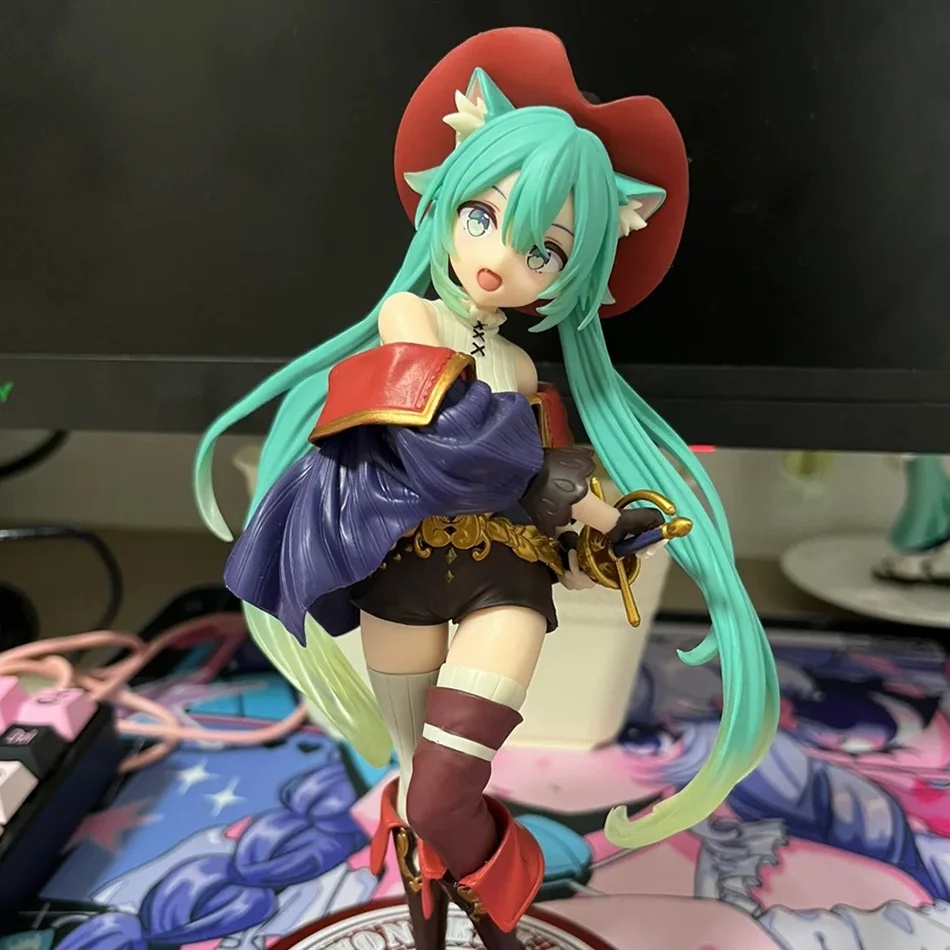 初音ミク デスクトップ用 かわいいアクションフィギュア 『テ - Model Kit Anime Girl のレビューと価格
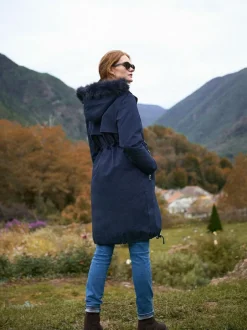 Seraphine Navy Blue Premium Sub-Zero Down Filled 3-In-1 Maternity & Babywearing Parka Clearance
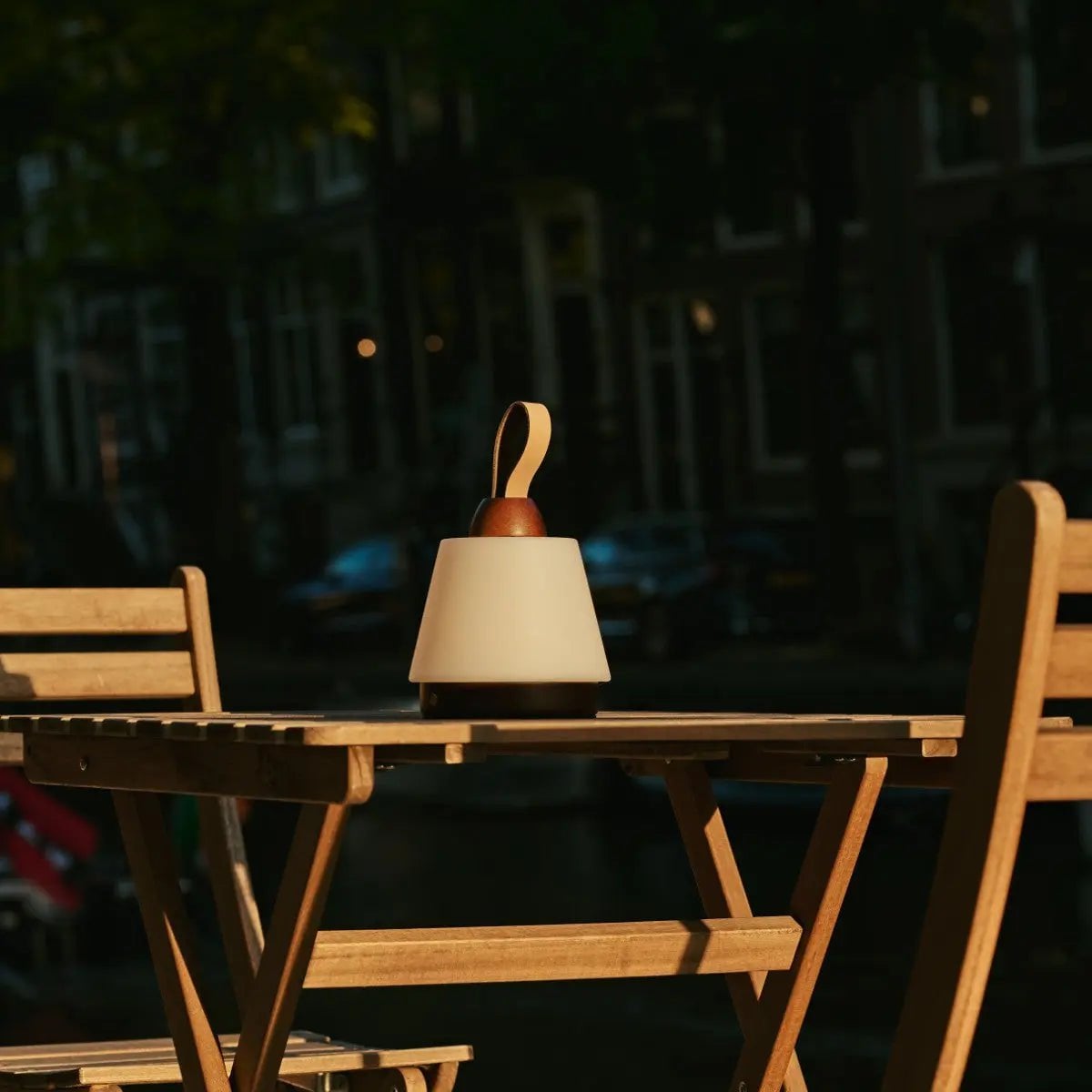 Liv Dark Brown Rechargeable Lamp | Leather Strap, Dimmable & 3 Light Modes - LUXONAS HOME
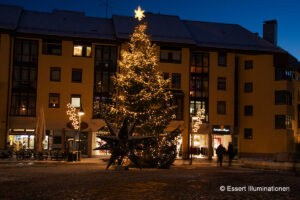Weihnachtsbeleuchtung von Essert-Illuminationen mit Laternenbeleuchtung in Villingen-Schwenningen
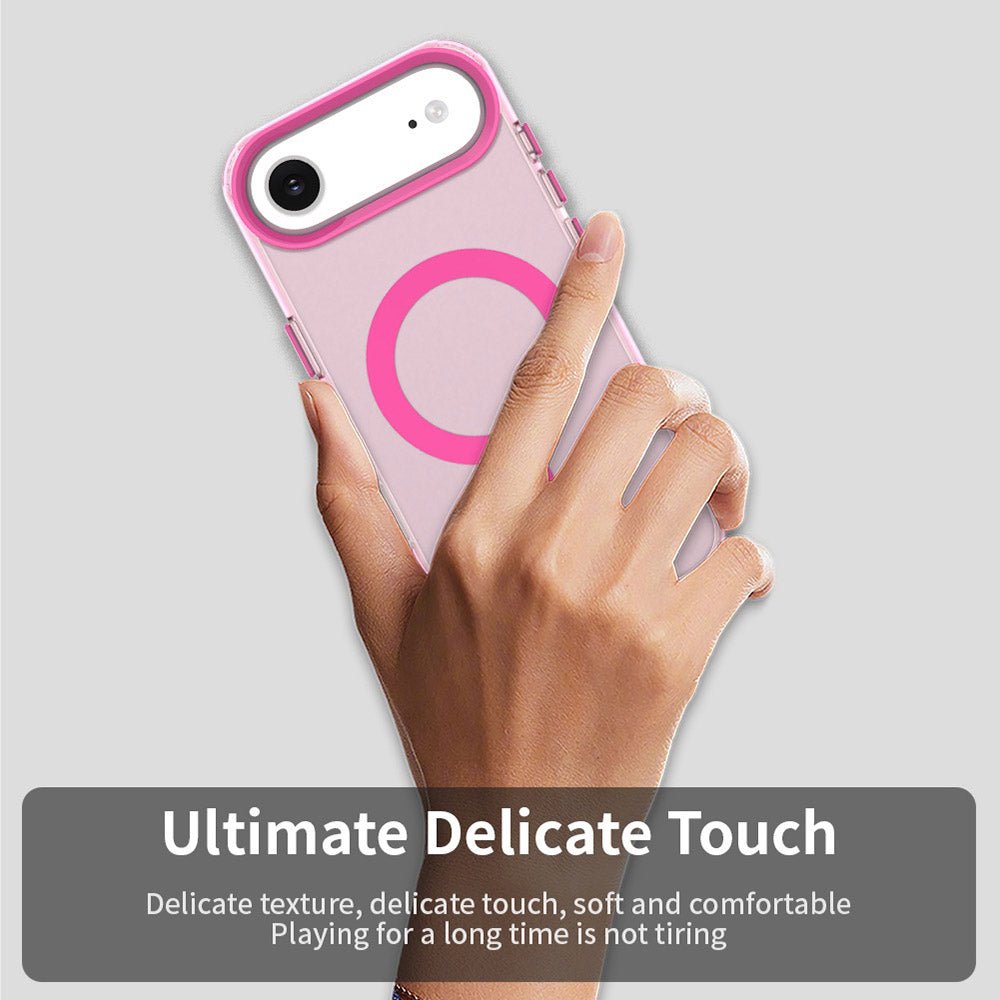 Techsuit iPhone Air - Σκληρή Θήκη με Πλαίσιο Σιλικόνης και MagSafe - CandyCase MagSafe - Pink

= = = = =

# AIM OF THE EXERCISE
Leave every image out and retype the entries above word for word.

# RESULT BELOW
 初音ミク デスクトップ用 かわいいアクションフィギュア 『テ - Model Kit Anime Girl のレビューと価格
 Seraphine Navy Blue Premium Sub-Zero Down Filled 3-In-1 Maternity & Babywearing Parka Clearance
 Liv Dark Brown Rechargeable Lamp | Leather Strap, Dimmable & 3 Light Modes - LUXONAS HOME
Weihnachtsbeleuchtung von Essert-Illuminationen mit Laternenbeleuchtung in Villingen-Schwenningen
 Techsuit iPhone Air - Σκληρή Θήκη με Πλαίσιο Σιλικόνης και MagSafe - CandyCase MagSafe - Pink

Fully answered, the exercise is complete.